[[ Dataset content, beginning ]]
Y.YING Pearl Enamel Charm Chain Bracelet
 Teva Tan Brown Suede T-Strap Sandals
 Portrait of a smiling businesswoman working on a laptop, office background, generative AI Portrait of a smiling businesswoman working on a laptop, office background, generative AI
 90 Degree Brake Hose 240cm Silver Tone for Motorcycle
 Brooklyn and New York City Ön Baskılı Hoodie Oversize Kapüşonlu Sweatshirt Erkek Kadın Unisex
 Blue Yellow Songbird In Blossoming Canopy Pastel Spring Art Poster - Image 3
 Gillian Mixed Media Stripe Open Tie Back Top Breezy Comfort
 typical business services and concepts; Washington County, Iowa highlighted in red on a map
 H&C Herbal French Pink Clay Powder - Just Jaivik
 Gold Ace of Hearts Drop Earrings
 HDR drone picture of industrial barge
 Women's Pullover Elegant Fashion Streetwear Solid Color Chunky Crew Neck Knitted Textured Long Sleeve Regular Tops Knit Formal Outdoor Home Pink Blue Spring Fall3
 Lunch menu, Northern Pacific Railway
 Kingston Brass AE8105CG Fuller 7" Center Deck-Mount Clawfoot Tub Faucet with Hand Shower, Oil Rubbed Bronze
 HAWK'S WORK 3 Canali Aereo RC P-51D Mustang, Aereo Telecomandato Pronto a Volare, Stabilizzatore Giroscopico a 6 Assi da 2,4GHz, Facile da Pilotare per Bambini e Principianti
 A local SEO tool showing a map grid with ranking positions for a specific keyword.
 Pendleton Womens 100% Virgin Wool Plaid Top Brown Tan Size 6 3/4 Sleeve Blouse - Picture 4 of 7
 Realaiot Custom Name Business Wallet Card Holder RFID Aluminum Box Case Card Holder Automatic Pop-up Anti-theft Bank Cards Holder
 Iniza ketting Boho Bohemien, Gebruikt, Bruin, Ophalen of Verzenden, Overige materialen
[[ Dataset content, end ]]
_Exercise requirements_: Each record above is to be restated word for word.

_Your solution_:
Y.YING Pearl Enamel Charm Chain Bracelet
 Teva Tan Brown Suede T-Strap Sandals
 Portrait of a smiling businesswoman working on a laptop, office background, generative AI Portrait of a smiling businesswoman working on a laptop, office background, generative AI
 90 Degree Brake Hose 240cm Silver Tone for Motorcycle
 Brooklyn and New York City Ön Baskılı Hoodie Oversize Kapüşonlu Sweatshirt Erkek Kadın Unisex
 Blue Yellow Songbird In Blossoming Canopy Pastel Spring Art Poster - Image 3
 Gillian Mixed Media Stripe Open Tie Back Top Breezy Comfort
 typical business services and concepts; Washington County, Iowa highlighted in red on a map
 H&C Herbal French Pink Clay Powder - Just Jaivik
 Gold Ace of Hearts Drop Earrings
 HDR drone picture of industrial barge
 Women's Pullover Elegant Fashion Streetwear Solid Color Chunky Crew Neck Knitted Textured Long Sleeve Regular Tops Knit Formal Outdoor Home Pink Blue Spring Fall3
 Lunch menu, Northern Pacific Railway
 Kingston Brass AE8105CG Fuller 7" Center Deck-Mount Clawfoot Tub Faucet with Hand Shower, Oil Rubbed Bronze
 HAWK'S WORK 3 Canali Aereo RC P-51D Mustang, Aereo Telecomandato Pronto a Volare, Stabilizzatore Giroscopico a 6 Assi da 2,4GHz, Facile da Pilotare per Bambini e Principianti
 A local SEO tool showing a map grid with ranking positions for a specific keyword.
 Pendleton Womens 100% Virgin Wool Plaid Top Brown Tan Size 6 3/4 Sleeve Blouse - Picture 4 of 7
 Realaiot Custom Name Business Wallet Card Holder RFID Aluminum Box Case Card Holder Automatic Pop-up Anti-theft Bank Cards Holder
 Iniza ketting Boho Bohemien, Gebruikt, Bruin, Ophalen of Verzenden, Overige materialen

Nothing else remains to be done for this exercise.